I would like to build and test my application within a CICD process. In order to reduce costs, I want to run the build and test as two separate jobs on two different machines. The build should only have a CPU, and the test will have a GPU as well. The base image is from nvidia/cuda
. The problem is that the cuda libraries seem to only be available when using the nvidia docker runtime. I get the following warnings and errors when running without nvidia runtime:
/usr/bin/ld: warning: libcuda.so.1, needed by mylib.so, not found (try using -rpath or -rpath-link)
/usr/bin/ld: warning: libnvidia-ml.so.1, needed by mylib.so, not found (try using -rpath or -rpath-link)

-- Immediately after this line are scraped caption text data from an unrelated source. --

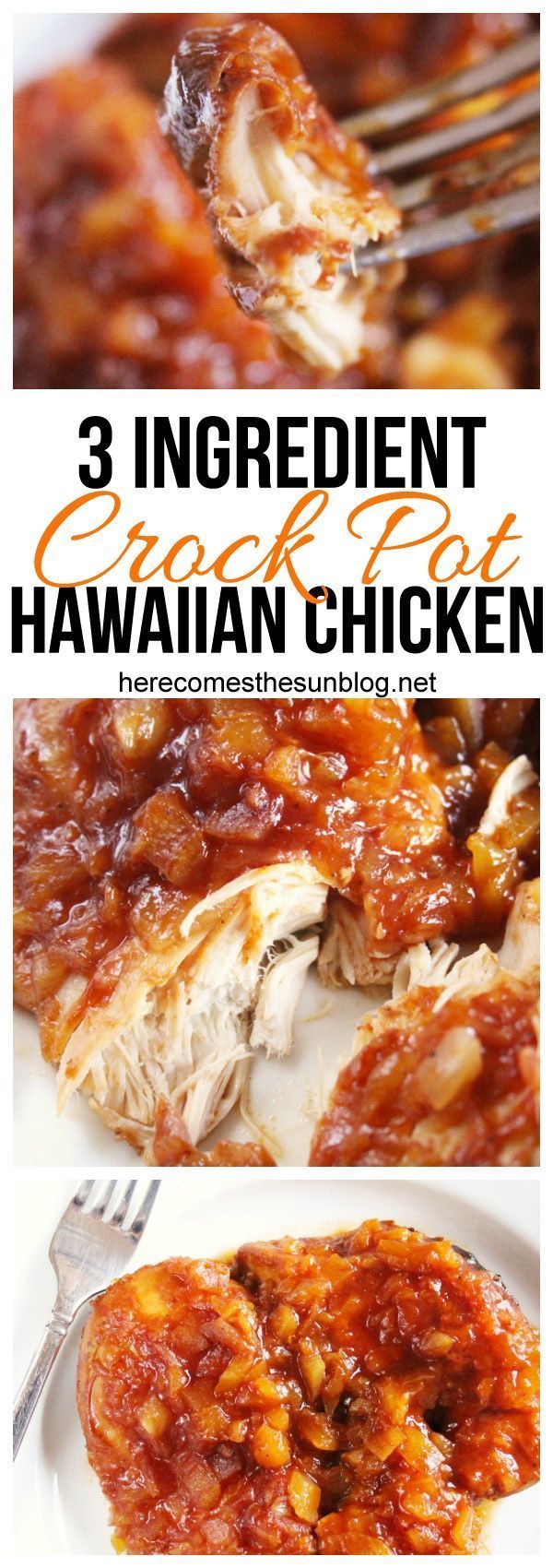This crock pot Hawaiian chicken has only three ingredients and is super easy to ma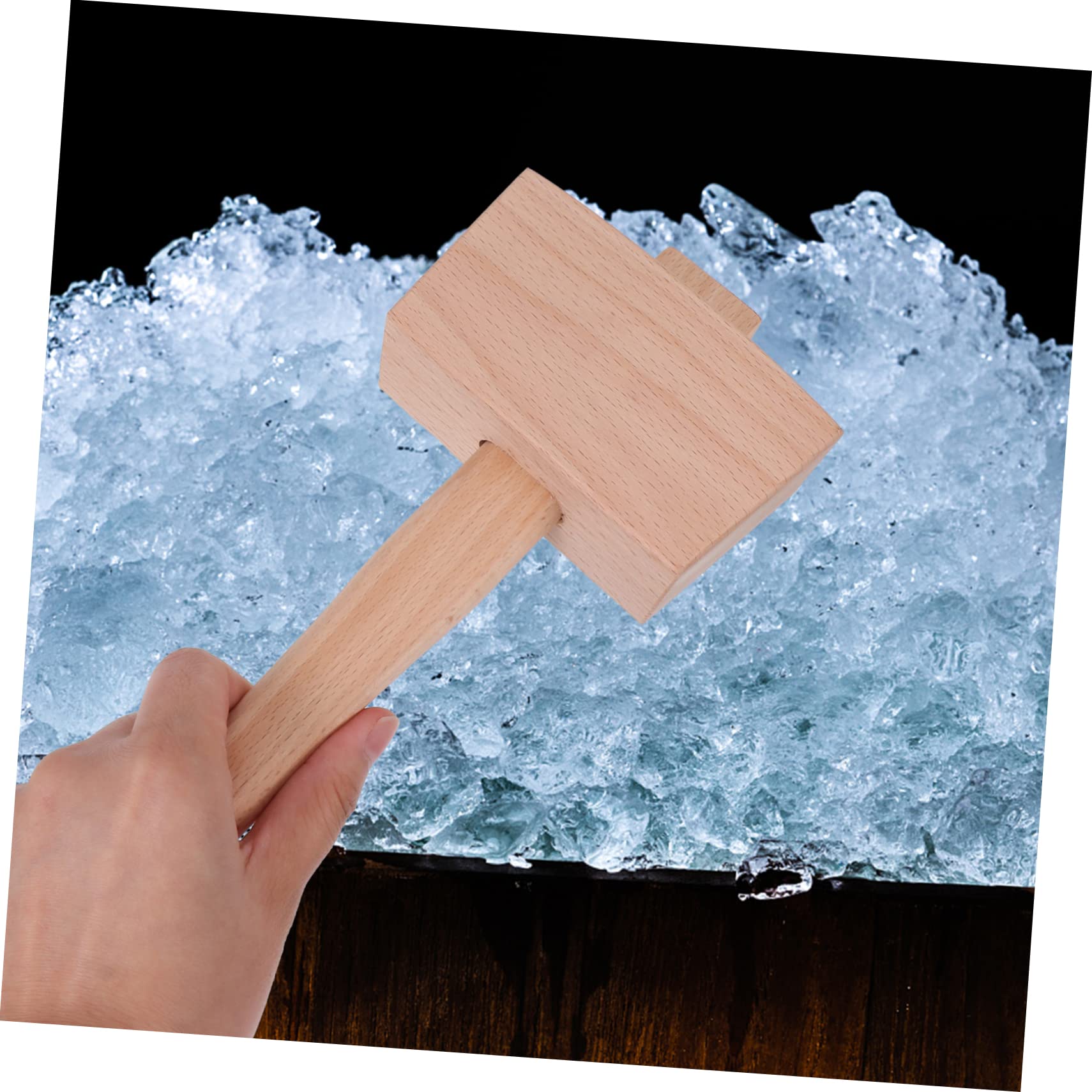 Ciieeo 1pc Wooden Ice Hammer Ice Crushing Hammer for Cocktail Bar Supplies Mallet for Bar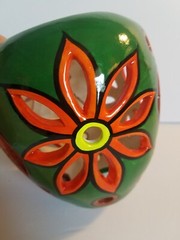 Vintage Mexican Art Pottery Candleholder Green Orange 2 Pieces Tealight Decor D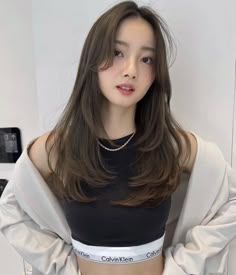 Korean Hairstyle Layered, Long Haircut Korean, Layered Haircut Asian, Korean Women Haircut, Korean Long Layers, Asian Long Haircut, Layercut Haircut, Korean Long Haircut, Layered Hair Korean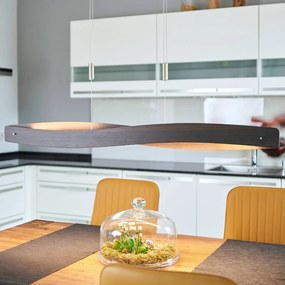 Lampada LED a sospensione Quitani Lian, rovere, coloniale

/usr/bin/ld: mylib.so: undefined reference to `nvmlInit_v2'
/usr/bin/ld: mylib.so: undefined reference to `cuGetErrorString'
/usr/bin/ld: mylib.so: undefined reference to `nvmlSystemGetDriverVersion'
/usr/bin/ld: mylib.so: undefined reference to `nvmlDeviceGetArchitecture'
/usr/bin/ld: mylib.so: undefined reference to `nvmlDeviceGetCount_v2'
/usr/bin/ld: mylib.so: undefined reference to `cuCtxPushCurrent_v2'
/usr/bin/ld: mylib.so: undefined reference to `cuStreamSynchronize'
/usr/bin/ld: mylib.so: undefined reference to `cuCtxPopCurrent_v2'
/usr/bin/ld: mylib.so: undefined reference to `cuCtxCreate_v2'
/usr/bin/ld: mylib.so: undefined reference to `cuDeviceGetCount'
/usr/bin/ld: mylib.so: undefined reference to `cuMemcpy2DAsync_v2'
/usr/bin/ld: mylib.so: undefined reference to `nvmlDeviceGetHandleByIndex_v2'
/usr/bin/ld: mylib.so: undefined reference to `cuCtxGetCurrent'
I am able to successfully build this library on a gpu machine with the same docker container by adding --gpus all
to docker run command, and on that same gpu machine removing it gets the same errors above.
Is there a way to have libcuda
, libnvidia-ml
, etc. be available inside the docker container when the host does not have access to a GPU. Again I don't want to actually run the application on the build machine, it will be copied to another machine that does have a GPU for testing.
Turns out the cuda docker image has a set of stub libraries for this exact purpose. They are in /usr/local/cuda/lib64/stubs
. I was unable to get cmake to find them, so a symlink did the trick.